Can Ataklı; Avrupa Birliği bu parayı bize vermiyor. Bırakın bize vermeyi mülteciler için yapılacak harcamaların kontrolünü bile bize bırakmıyor.
ANALİZAvrupa Birliği ile yapılan “mülteciler zirvesinin” ayrıntıları belli olmaya başladı.
Size dünkü yazımda “ihtiyatlı” olduğumu belirterek “Biraz beklemek gerek” demiştim.
Başbakan Davutoğlu Brüksel’den dönerken gazetecilere bazı ayrıntıları aktarmış.
Bunlardan aldığım izlenime göre ortada henüz tam kesinleşmiş bir şey yok. Yani örneğin “Tamam vize haziranda kalkıyor artık” sevincinin gerçekleşme ihtimalinin çok güçlü olmadığı anlaşılıyor.
Türkiye’nin önerilerine AB üyelerinin nasıl baktığı da tam belli değil. Görüldüğü kadarıyla “Türkiye’nin durumuna hak verme” eğilimi var ama pek çok ülke konuya temkinli yaklaşıyor.
Son görüşmeleri Başbakan “Kayserili pazarlığı” olarak tanımlamış.
Kayserililer iyi pazarlık yapar denir ya, benzetme oradan herhalde. Uluslararası ilişkilerde bu tür pazarlıklar ne kadar yapılabilir ya da sonuç alınabilir orası meçhul de hiç olmazsa Amerika Başkanı Bush’un İkinci Körfez Savaşı’nda Türkiye’yi aşağılamak için söylediği “at pazarlığı yapıyorlar” deyiminden daha iyi.
Bu Kayserili pazarlığında dikkat çeken nokta Avrupa Birliği’nden alınacağı söylenen 3.5 milyar Euro’ya 3 milyar Euro daha eklenmesinin talep edilmesidir bana göre.
Davutoğlu bu konuyu şöyle anlatmış uçakta; ‘Yeni bir boyut getirdik, bütün masraflar artacak, 3 milyar daha istiyoruz’ dedim. ‘Geri kabulden kaynaklanan bütün masrafları da siz vereceksiniz’ dedim.
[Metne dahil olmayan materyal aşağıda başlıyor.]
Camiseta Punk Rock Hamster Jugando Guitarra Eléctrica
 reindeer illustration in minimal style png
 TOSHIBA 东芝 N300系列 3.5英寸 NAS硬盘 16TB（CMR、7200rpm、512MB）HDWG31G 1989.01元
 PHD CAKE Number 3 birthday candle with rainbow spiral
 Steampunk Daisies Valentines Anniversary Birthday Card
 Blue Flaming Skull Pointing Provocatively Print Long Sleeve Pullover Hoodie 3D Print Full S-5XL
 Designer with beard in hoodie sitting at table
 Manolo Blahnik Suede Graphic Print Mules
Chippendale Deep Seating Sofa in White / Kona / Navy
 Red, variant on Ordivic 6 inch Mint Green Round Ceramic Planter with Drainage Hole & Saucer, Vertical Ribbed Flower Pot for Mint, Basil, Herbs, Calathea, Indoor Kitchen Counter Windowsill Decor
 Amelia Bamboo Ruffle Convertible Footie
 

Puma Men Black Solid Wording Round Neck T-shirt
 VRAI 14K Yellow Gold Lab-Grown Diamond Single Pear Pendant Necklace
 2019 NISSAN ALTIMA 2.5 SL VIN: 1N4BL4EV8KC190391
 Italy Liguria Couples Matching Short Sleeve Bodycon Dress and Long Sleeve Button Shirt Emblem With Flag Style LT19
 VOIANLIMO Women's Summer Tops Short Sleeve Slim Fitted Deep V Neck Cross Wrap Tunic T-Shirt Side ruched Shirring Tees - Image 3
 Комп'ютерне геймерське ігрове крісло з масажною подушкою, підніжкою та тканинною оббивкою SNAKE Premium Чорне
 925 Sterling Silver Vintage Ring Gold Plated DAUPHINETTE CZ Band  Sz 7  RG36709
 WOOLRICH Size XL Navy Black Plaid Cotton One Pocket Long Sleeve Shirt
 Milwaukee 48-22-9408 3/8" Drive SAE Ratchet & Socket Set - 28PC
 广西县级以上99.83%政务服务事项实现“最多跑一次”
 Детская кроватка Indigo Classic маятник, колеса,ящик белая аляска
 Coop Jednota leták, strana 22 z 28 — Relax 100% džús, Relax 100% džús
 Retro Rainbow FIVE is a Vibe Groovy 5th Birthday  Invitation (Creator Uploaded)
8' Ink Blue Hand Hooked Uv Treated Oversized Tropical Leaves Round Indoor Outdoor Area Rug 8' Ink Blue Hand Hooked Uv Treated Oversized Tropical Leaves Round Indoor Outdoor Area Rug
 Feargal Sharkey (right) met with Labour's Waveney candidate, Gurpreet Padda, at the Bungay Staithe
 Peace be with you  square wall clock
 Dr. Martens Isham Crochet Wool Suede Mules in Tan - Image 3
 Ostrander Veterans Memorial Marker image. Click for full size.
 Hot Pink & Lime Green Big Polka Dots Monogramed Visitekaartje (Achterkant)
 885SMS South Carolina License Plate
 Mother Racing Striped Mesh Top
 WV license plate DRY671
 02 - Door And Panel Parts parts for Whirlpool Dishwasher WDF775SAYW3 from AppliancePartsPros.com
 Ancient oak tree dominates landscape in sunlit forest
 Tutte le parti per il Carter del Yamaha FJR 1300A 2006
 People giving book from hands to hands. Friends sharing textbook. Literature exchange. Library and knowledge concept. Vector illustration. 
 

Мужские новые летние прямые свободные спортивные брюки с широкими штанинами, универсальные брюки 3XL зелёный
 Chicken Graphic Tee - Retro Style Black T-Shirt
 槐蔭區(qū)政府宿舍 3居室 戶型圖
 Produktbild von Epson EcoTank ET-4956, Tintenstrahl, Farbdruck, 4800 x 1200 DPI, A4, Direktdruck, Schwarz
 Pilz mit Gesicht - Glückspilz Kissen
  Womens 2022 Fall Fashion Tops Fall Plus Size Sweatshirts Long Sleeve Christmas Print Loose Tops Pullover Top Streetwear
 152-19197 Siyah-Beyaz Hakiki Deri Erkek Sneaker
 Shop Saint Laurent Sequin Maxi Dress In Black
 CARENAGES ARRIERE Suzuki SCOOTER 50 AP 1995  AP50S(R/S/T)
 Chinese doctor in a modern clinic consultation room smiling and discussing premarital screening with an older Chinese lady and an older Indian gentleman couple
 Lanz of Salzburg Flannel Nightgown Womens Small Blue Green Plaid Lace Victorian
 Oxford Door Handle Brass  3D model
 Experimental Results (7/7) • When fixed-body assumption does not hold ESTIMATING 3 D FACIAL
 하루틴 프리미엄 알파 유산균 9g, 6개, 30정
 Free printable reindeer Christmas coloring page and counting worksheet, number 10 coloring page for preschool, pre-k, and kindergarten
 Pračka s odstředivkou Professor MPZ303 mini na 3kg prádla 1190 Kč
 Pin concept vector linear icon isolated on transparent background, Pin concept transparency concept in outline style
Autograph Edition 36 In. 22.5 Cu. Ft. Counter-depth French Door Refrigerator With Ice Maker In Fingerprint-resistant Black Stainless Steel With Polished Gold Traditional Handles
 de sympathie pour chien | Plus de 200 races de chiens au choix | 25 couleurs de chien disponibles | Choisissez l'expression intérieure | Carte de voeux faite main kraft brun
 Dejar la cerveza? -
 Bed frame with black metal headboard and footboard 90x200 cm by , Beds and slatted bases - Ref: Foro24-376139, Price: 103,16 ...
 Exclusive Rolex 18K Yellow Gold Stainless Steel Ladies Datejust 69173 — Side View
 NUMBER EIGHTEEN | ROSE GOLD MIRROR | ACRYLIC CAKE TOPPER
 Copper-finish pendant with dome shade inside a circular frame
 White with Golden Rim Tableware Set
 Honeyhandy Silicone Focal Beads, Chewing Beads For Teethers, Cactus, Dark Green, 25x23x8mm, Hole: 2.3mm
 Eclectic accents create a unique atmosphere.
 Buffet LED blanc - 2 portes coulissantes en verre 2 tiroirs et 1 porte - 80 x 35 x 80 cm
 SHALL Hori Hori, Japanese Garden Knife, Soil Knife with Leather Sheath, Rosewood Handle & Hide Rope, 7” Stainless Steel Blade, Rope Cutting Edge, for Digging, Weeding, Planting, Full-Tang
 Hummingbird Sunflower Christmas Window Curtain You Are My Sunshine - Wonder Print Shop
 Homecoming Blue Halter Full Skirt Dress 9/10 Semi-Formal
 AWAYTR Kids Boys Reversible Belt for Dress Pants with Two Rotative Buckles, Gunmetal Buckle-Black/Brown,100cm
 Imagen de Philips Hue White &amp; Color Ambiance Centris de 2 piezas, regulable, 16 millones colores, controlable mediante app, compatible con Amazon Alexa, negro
Diyelim, Ege Denizi’nden bin kişi bunların havayolu ile memleketlerine gönderilmesi sırasındaki masraflar da size ait. Kayserili pazarlığı iyi oldu. Artı üç milyar Euro yani. Onlar bunu açıklamalarında zikretmediler, çünkü bunun için zirve kararı lazım.
Başbakanın da söylediği gibi 3 milyar Euro ek para konusunda bir karar yok, çünkü bunun için zirve gerekiyor.
Ama değinmek istediğim nokta farklı. İktidar daha ilk günden beri Avrupa Birliği’nden gelecek 3.5 milyar Euro’yu sanki nakit olarak alacakmışız gibi sunuyor.
Vatandaş Avrupa’nın bize 3.5 milyar Euro parayı vereceğini ve Türkiye’nin de bu parayı mülteciler için nasıl isterse öyle harcayacağını düşünüyor.
Hatta öyle ki sarayın “Bugüne kadar 10 milyar dolar harcadık” sözlerinden yola çıkarak gelecek bu paranın doğrudan kasamıza gireceğini zannediyor. Şimdi üstüne bir de 3 milyar daha gelince herkes seviniyor ve 10 milyarın 6 milyarını geri alacağımıza inanıyor.
Oysa bu doğru değil.
Avrupa Birliği bu parayı bize vermiyor. Bırakın bize vermeyi mülteciler için yapılacak harcamaların kontrolünü bile bize bırakmıyor.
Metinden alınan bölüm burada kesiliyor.